What the exercise asks :: The response consists of the lines from the start of the material below through the line holding "Kit siguranță wireless", repeated word for word and without pictures.

Data excerpt ::
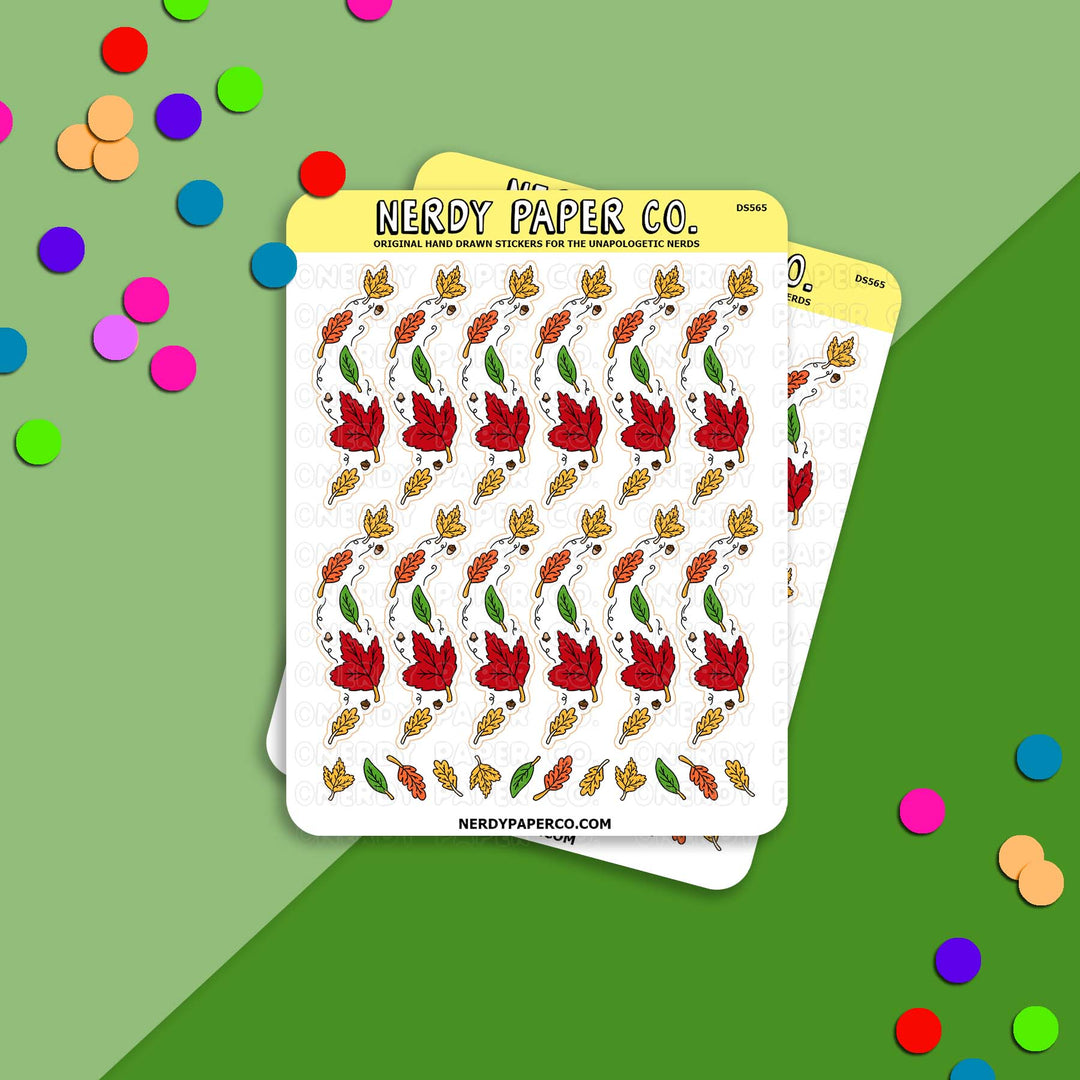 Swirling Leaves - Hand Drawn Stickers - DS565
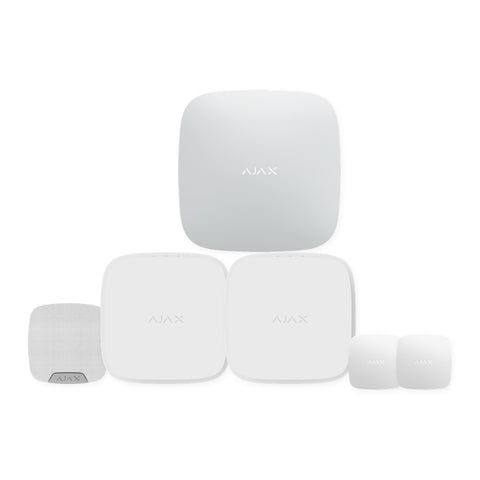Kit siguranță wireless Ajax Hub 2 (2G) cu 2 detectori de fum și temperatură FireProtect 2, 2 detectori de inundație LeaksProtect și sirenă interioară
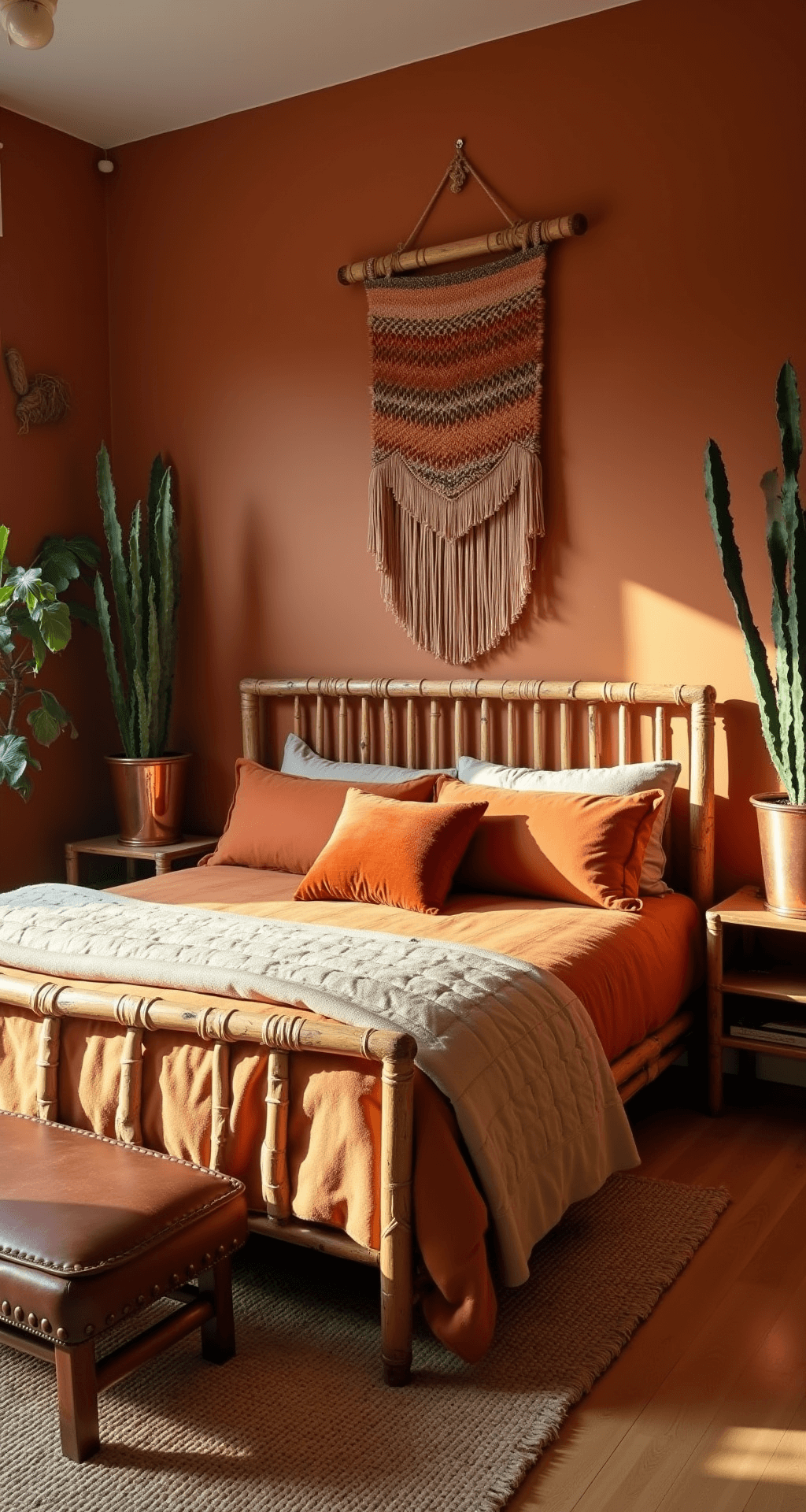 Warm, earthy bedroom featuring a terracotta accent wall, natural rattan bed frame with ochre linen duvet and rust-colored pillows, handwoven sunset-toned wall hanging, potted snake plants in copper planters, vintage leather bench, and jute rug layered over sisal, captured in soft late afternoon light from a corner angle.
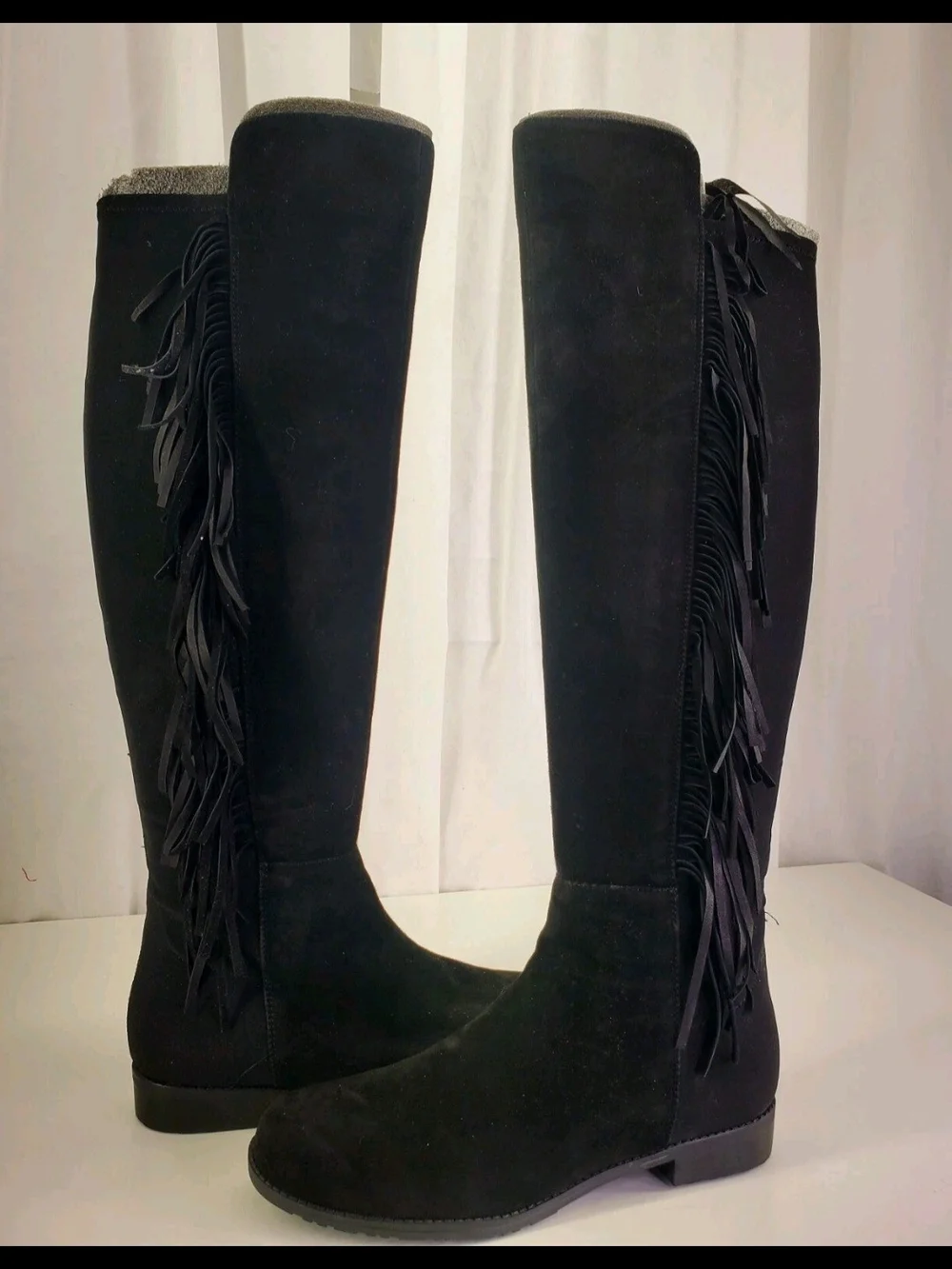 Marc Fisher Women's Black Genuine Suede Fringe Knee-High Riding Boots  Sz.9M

Task solution ::
 Swirling Leaves - Hand Drawn Stickers - DS565
Kit siguranță wireless Ajax Hub 2 (2G) cu 2 detectori de fum și temperatură FireProtect 2, 2 detectori de inundație LeaksProtect și sirenă interioară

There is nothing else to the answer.